··· Data to process ···
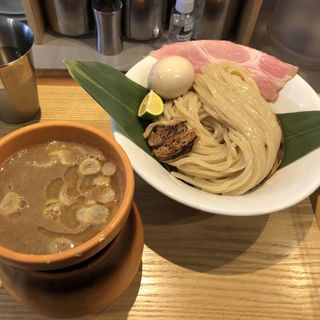 鶏豚濃コクつけ麺　半熟味玉(麺つむぎ 東大阪)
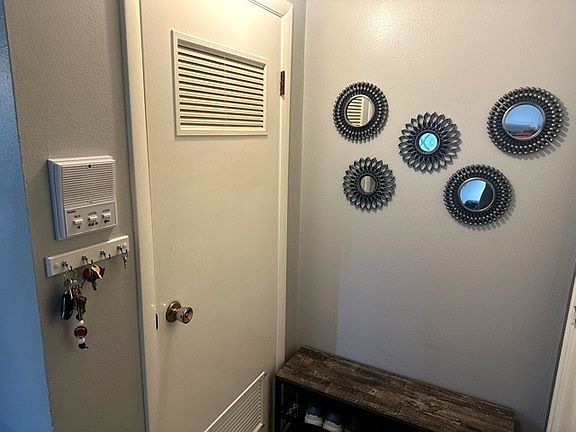 2nd image of 1101 Mercury Dr Unit 1D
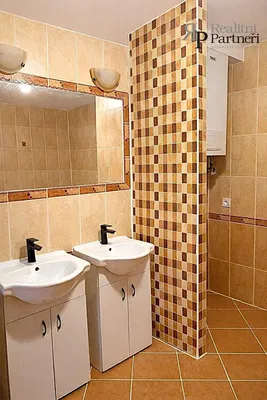 Badkamer; tegelvloer, gerenoveerd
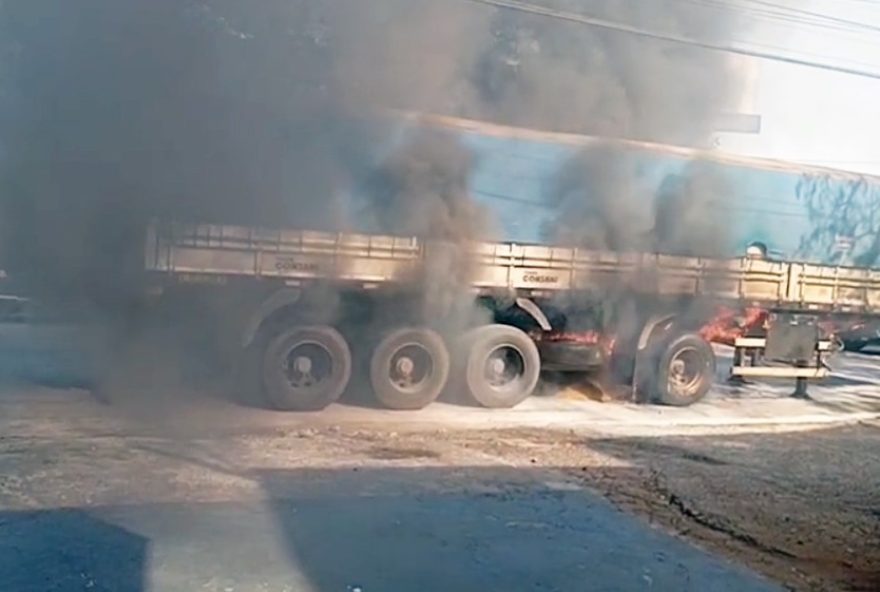 incendio-em-carreta-de-milho-causa-interdicao-na-avenida-limeira-em-piracicaba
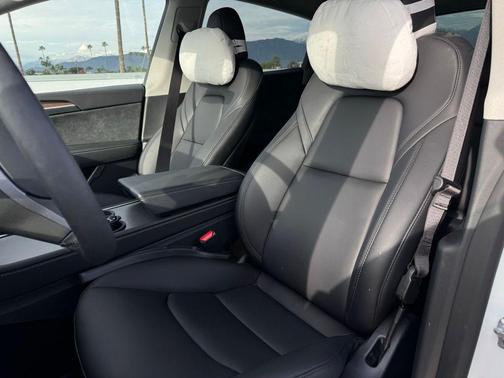 2024 Tesla Model Y Performance Dual Motor All-Wheel Drive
···
* Directions *
Your copy of the records above should be exact and contain no pictures.

* Problem solution *
 鶏豚濃コクつけ麺　半熟味玉(麺つむぎ 東大阪)
 2nd image of 1101 Mercury Dr Unit 1D
 Badkamer; tegelvloer, gerenoveerd
 incendio-em-carreta-de-milho-causa-interdicao-na-avenida-limeira-em-piracicaba
 2024 Tesla Model Y Performance Dual Motor All-Wheel Drive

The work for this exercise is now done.